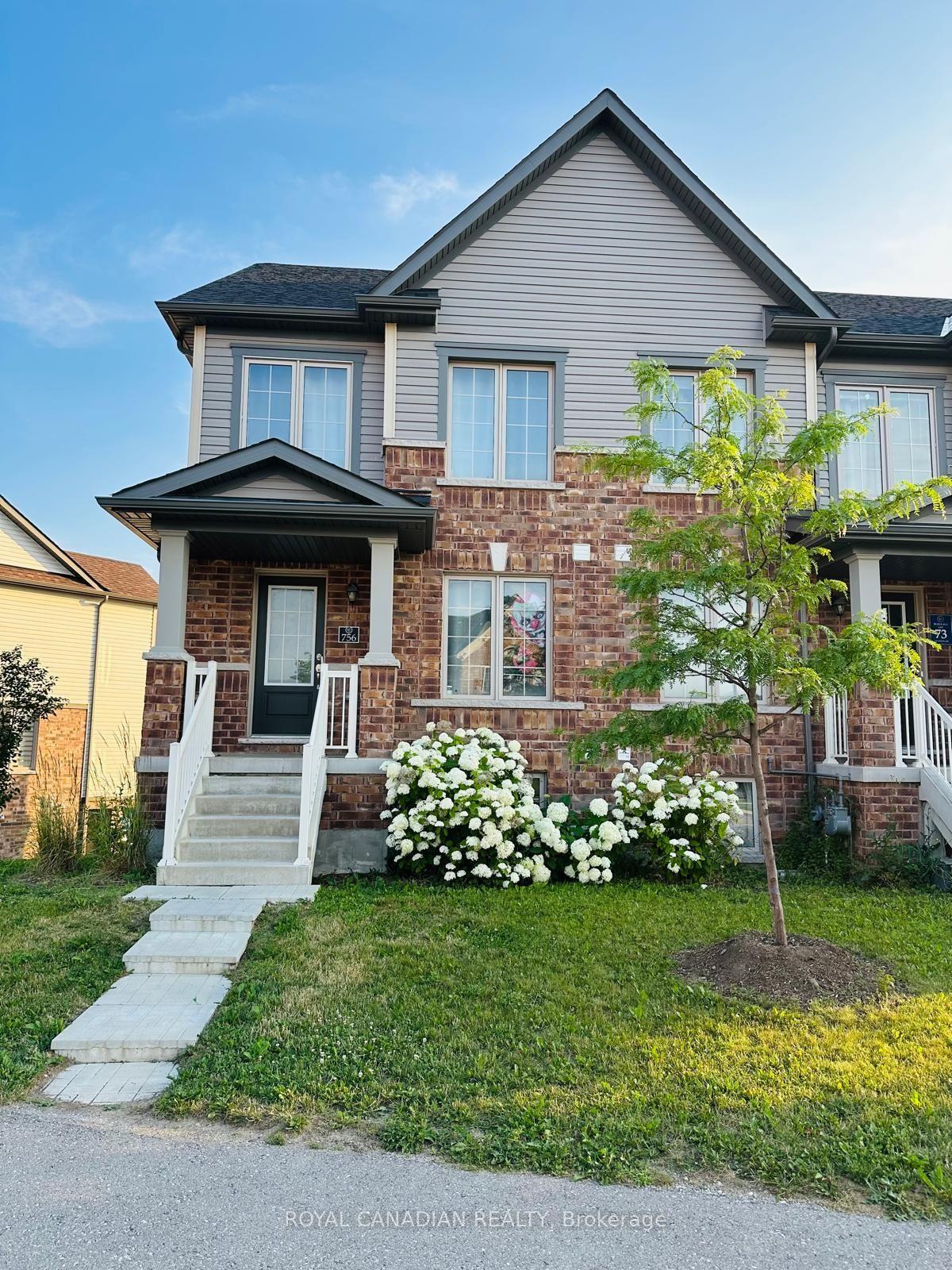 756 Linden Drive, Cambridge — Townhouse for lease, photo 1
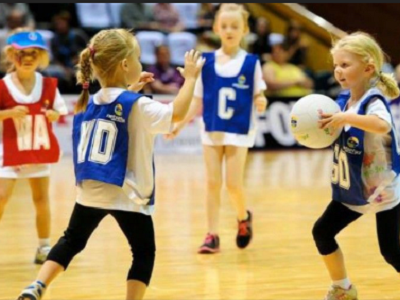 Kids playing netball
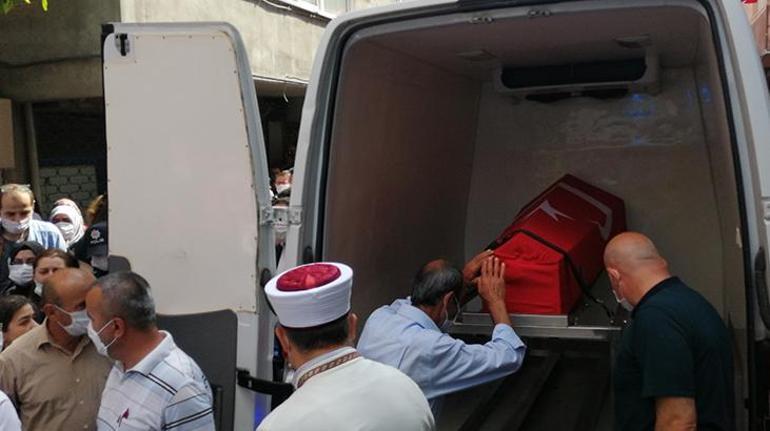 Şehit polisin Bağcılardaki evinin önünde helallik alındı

▬▬▬▬▬▬▬▬▬▬

WORK INSTRUCTION ::
The expected output is the full material above, unaltered, with pictures removed.

RESPONSE TO THE TASK ::
 756 Linden Drive, Cambridge — Townhouse for lease, photo 1
 Kids playing netball
 Şehit polisin Bağcılardaki evinin önünde helallik alındı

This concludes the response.